Lets say you have a RESTful Web Service.  For any given URL, you might support one or more of the HTTP verbs:  GET, PUT, POST, DELETE and so on.  A user might wonder what they mean, and which you actually support. One way of reporting that is by using the OPTION Verb.  While this is a relatively unusual verb, using it to describe a resource is a fairly well known mechanism.  I want to take it one step further.

Both OpenStack and Kubernetes support scoped role based access control.  The OPTIONS verb can be used to announce to the world what role is associated with each verb.

Lets use Keystone’s User API as an example.  We have typical CRUD operations on users.

Thus, the call OPTIONS https://hostname:port/v3/users

Could return data like this:

"actions": {
  "POST": {
     "roles": ["admin"]
  "GET": {
     "roles": ["admin", "Member"]

That would be in addition to any other data you might feel relevant to return there:  JSON-HOME type information on the “POST” would be helpful in creating a new User, for example.

Ideally, the server would even respond to both template and actual URLS.  Both these should return the same response:



Regardless of whether the ID passed was actually a valid ID or not.

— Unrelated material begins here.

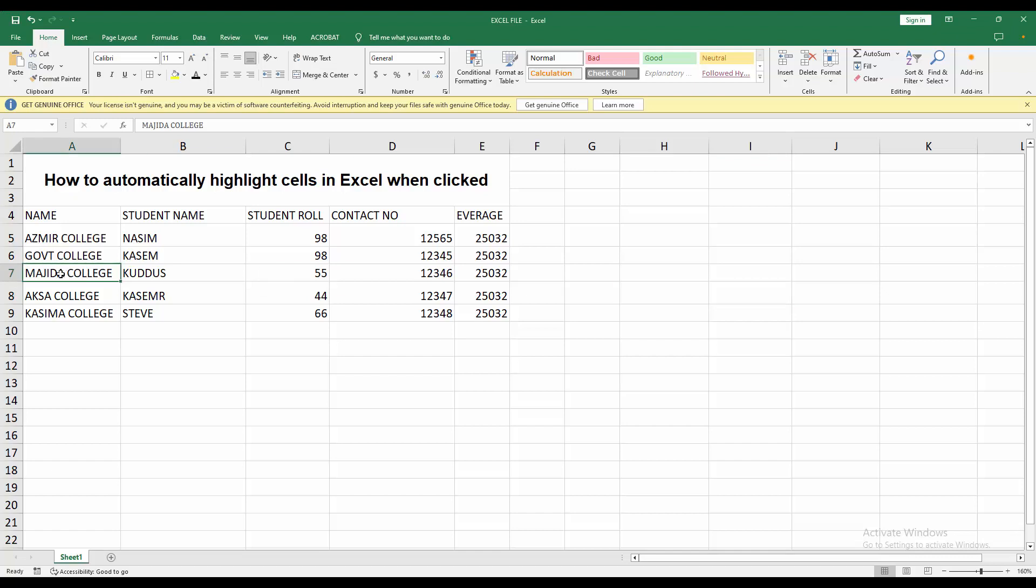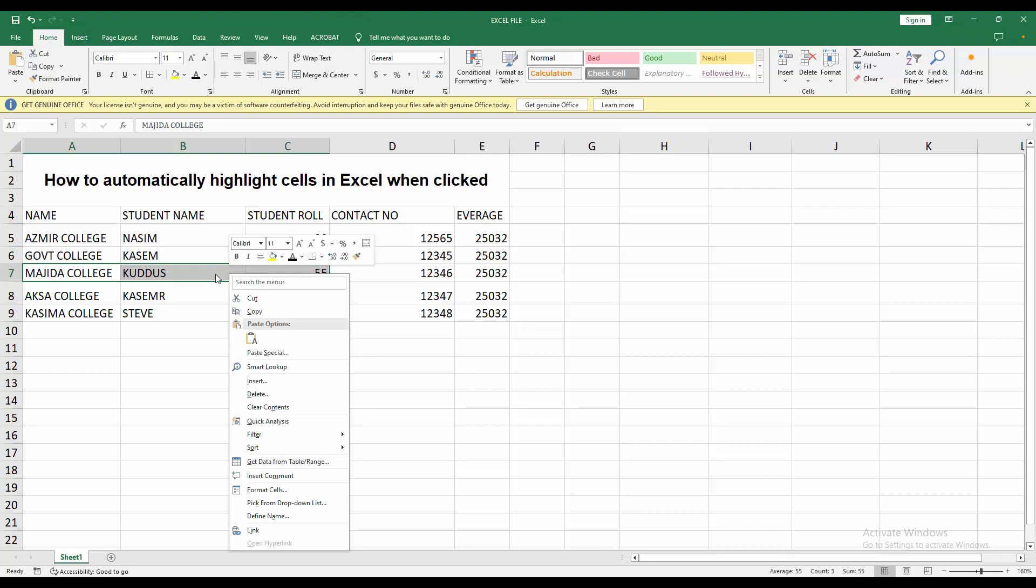Select a cell. I select this three cell, then right click on the selected cell.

A few people have asked if it is opening up a security hole.  Nothing I am saying here is proposing a change the existing security approach.  If you want to make sure a user is authenticated before telling them this information, do so.  If you only want to return role information for a user that already has that role, go for it.

There is a flip side here, to protecting the user.  If  user does not know what role is required, and she wants to create a delegation to some other user, she cannot safely do that;  she has to provide the full set of roles she has in that delegation.  Without telling people what key opens the door, they have to try every key they own.

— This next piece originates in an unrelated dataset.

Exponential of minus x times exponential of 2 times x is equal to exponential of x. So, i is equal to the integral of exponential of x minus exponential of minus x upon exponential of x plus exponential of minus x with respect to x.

2 thoughts on “Using the OPTIONS Verb for RBAC

  1. This seems like a mostly sane way of doing such things but I’m sure there are some people who would wonder if exposing the information in this fashion is a security issue. Or would you shape the info depending on the existing roles of the current user?

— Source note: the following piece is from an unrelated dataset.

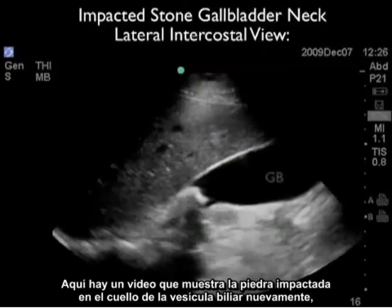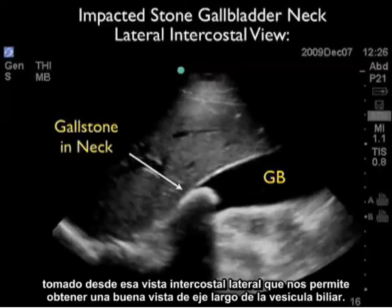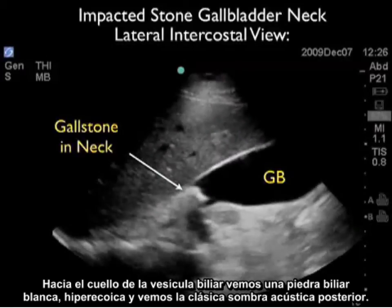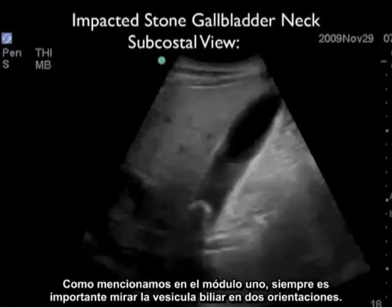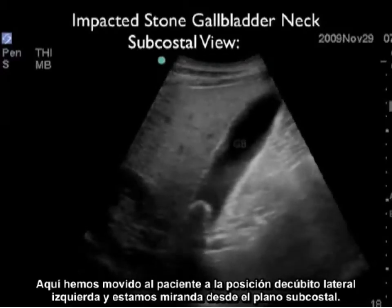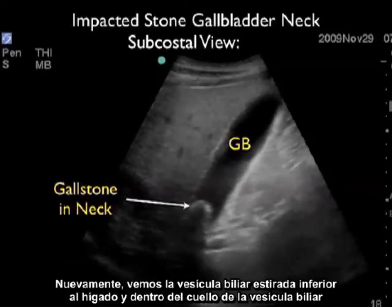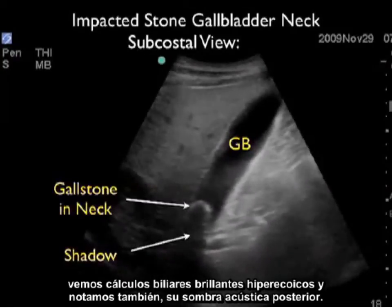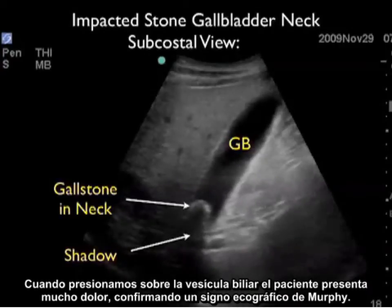Here's a video clip of an impacted stone at the gallbladder neck taken from the lateral intercostal view. We see the liver at the top and the gallbladder inferior to it. Towards the neck we see a white hyperechoic gallstone with classic posterior acoustic shadowing. As mentioned in module one, it's important to look at the gallbladder in two orientations. Moving the patient into the left lateral decubitus position and scanning from the subcostal plane, we again see the hyperechoic gallstone within the neck with posterior acoustic shadow. Pressing down on the gallbladder, the patient had a lot of pain, confirming a sonographic Murphy's sign.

    Also, what benefit/difference does this have over more verbose hypermedia in the resources that surround any given one for which you would enable this OPTIONS support? In situations like this and other “capabilities” type discovery it’s unclear to me what the advantage out of band handling provides. Is it that we expect people to be making requests in isolation from other requests?

  2. This has come up a few times. I think it is the knee-jerk reaction of “aaaah! security!” as opposed to an actual problem. If you need to be authenticated for the GET call, you may need to be authenticated for the OPTIONS call. If a GET would returna 403, this is not exposing any more information…it might actually be exposing less. You are not saying that the resource exists, just that if it does, you need such a role to access it.

    Hiding the role required from a user is a much bigger security problem. I’ll try to write that up in a separate post.